A fine partita perfino qualche macchina passa con la bandiera azzurra in città, sembra voler festeggiare ad onta di come è finita, troppo forte l’amore dei napoletani per questa squadra, troppo forte la voglia di riscatto che gli azzurri incarnano in quel preciso momento storico dove tutto sembra andare storto, dove la nostra città sembra una delle ultime al mondo. Ma non lo è e non lo sarà mai. In Galleria Umberto, intanto, luogo dell’incontro dei tifosi, ci si raduna per discutere dell’amaro risultato finale. È qui, tra l’altro, che nasce una leggenda, quella di Altafini “Core ‘ngrato”. La scritta troneggia su un bozzetto che campeggia proprio in Galleria, chissà se quel tifoso si rese conto di aver dato il marchio di fabbrica ad uno dei soprannomi più diffusi nel mondo del calcio. È una scritta che testimonia l’amarezza dei napoletani più per chi ha fatto da giustiziere al Napoli che per la sconfitta stessa. Al tifoso che scrisse quella storica frase l’accostamento deve essere venuto spontaneo. Purtroppo fu proprio Altafini, un giocatore al quale i napoletani avevano dato tutto, lo avevano voluto bene, a rovinare un campionato.
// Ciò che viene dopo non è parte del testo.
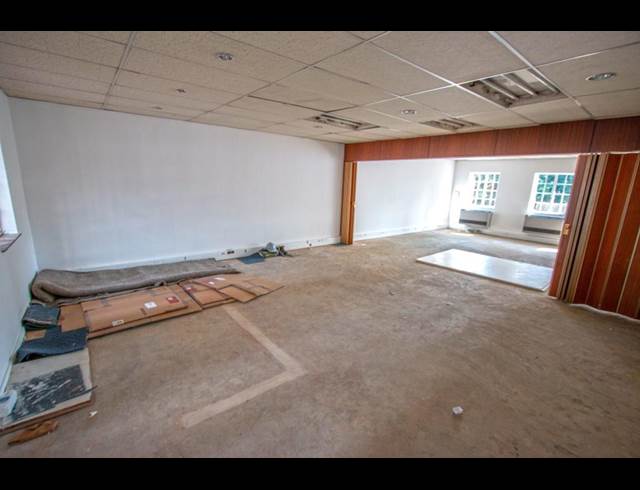 1,049M² INDUSTRIAL YARD TO LET IN HALFWAY HOUSE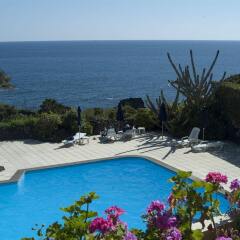 Отель Caloura Hotel Resort Португалия, Агуа-де-Пау - 3 отзыва об отеле, цены и фото номеров - забронировать отель Caloura Hotel Resort онлайн бассейн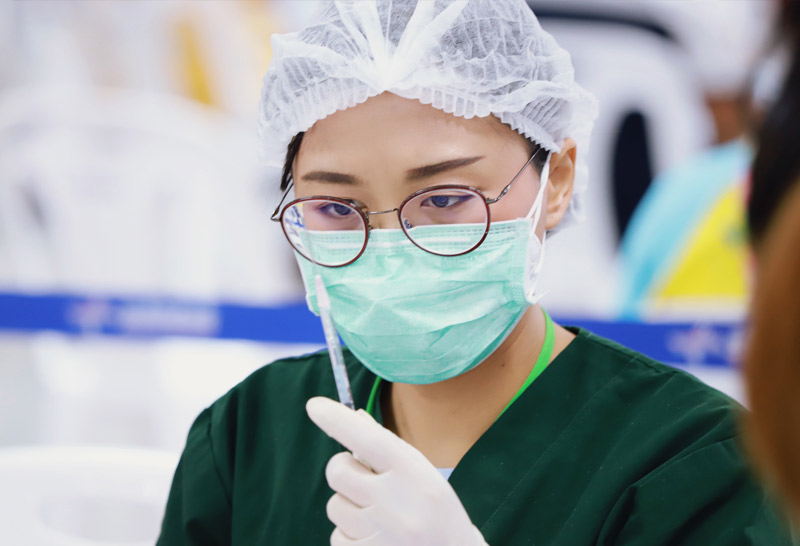 ปชช.ทยอยฉีดวัคซีนที่สถานีกลางบางซื่อต่อเนื่อง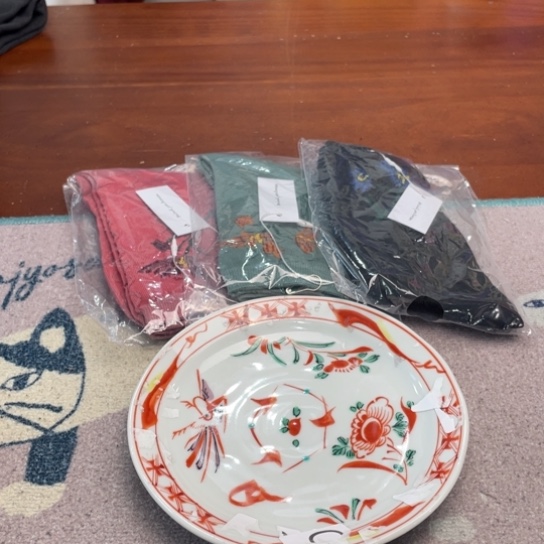 瓷片58。。。。。。。。。。。。。。。。。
Ancora una volta il “padrone-Agnelli” sembra aver sconfitto gli “operai-napoletani”, quelli saliti a Torino con ogni mezzo e quelli che da sempre lavorano alla Fiat. Ma si è perso solo una battaglia, non la guerra.

Quando a sera il Napoli rientra all’aeroporto di Capodichino la città va ad accogliere la squadra da trionfatrice, è quello che tutti dovremmo fare domenica mattina con la squadra di Sarri in qualunque modo vada la sfida con la Juventus. Esce per primo La Palma. volto tirato, espressione contrariata, poi Canè, Clerici, Pogliana, Massa, si levano applausi e consensi per la splendida gara disputata. Gli altri, tra cui Favaro, Carmignani, Juliano con la figlioletta in braccio, lasciano l’aereo e raggiungono il varco in fretta. Quante speranze, quante illusioni sembrano morire con questa sconfitta, il riscatto di una città legato come non mai ad una partita di pallone. Continuano gli applausi, gli incitamenti, le grida di evviva. Più di uno si scaglia contro Altafini, in tanti gridano che il “coniglio” non deve più mettere piede a Napoli. Poi tutto si placa, il pullman con i giocatori lascia l’aeroporto, nell’aria c’è umidità, qualcuno insegue il pullman per un ultimo applauso, un ultimo evviva, un ultimo incitamento. Come quando si accompagna la propria ragazza al treno e non vorresti mai vederla svanire all’orizzonte. E corrono, corrono i tifosi con il fiato in gola e la voglia di dimenticare le miserie della vita quotidiana. Il proprio mondo in un pallone. Ancora un codazzo di auto strombazzanti dietro al bus, il piccolo corteo imbocca la discesa della Doganella, è notte fonda. Le solite ragazze coi falò accesi, le solite buche, il solito traffico, la solita scarsa illuminazione. È la fine di un sogno di primavera. Domani è un altro, solito, giorno. Per continuare a combattere.